Quinoa and Kale Dietary Fiber

Both quinoa and kale are rich in dietary fiber. A 1-cup serving of kale contains 5 percent of your daily fiber requirements, and a same-sized serving of quinoa contains 21 percent of your daily requirement. In addition to adding bulk to food, dietary fiber has a number of health benefits. It helps slow down the passage of food through your intestinal tract, allowing more time for the nutrients to be absorbed. It also helps add bulk to food, preventing you from overeating and it helps with preventing constipation. The American diet often lacks enough dietary fiber, so including quinoa, kale -- or both -- in your regular diet will help you increase your fiber intake.
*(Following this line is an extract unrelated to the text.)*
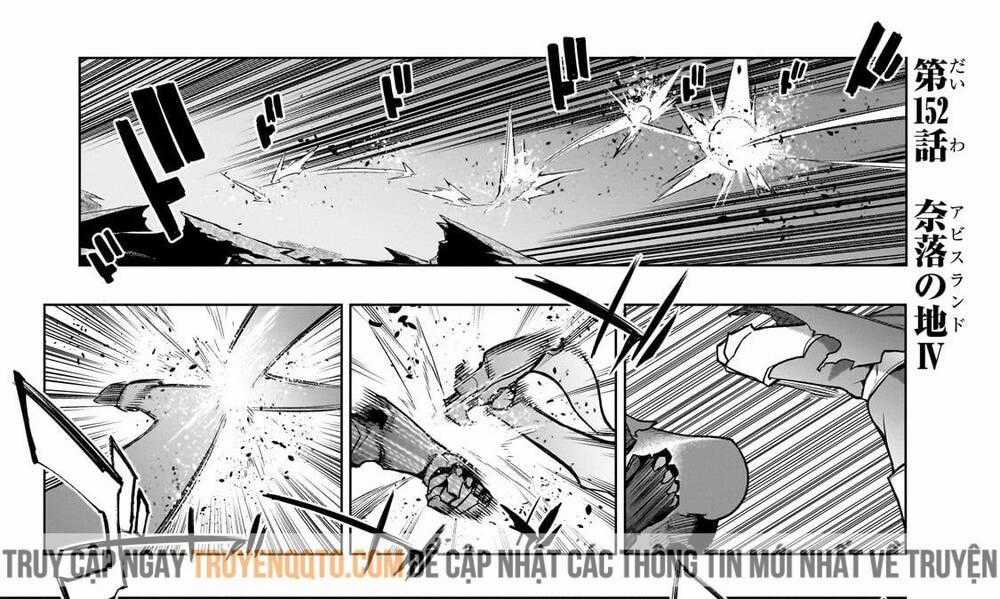 Kuro No Shoukanshi - Chapter 152 - Trang 2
How to Make Quinoa and Kale

Although you can eat kale raw or lightly cooked, you must cook quinoa thoroughly for your body to digest it. With both foods, cook using a low-fat technique and minimal amounts of added fat or salt to keep your quinoa and kale healthy and nutritious. If you need oil to cook your kale or to dress your cooked quinoa, choose a healthier fat option such as olive oil, rather than butter or animal-based fats, which are high in saturated fat. When cooking your quinoa or kale, add dried spices to the cooking process to increase taste without extra sodium. Dried basil, thyme, garlic powder or oregano will stand up well against the strong tastes of both quinoa and kale.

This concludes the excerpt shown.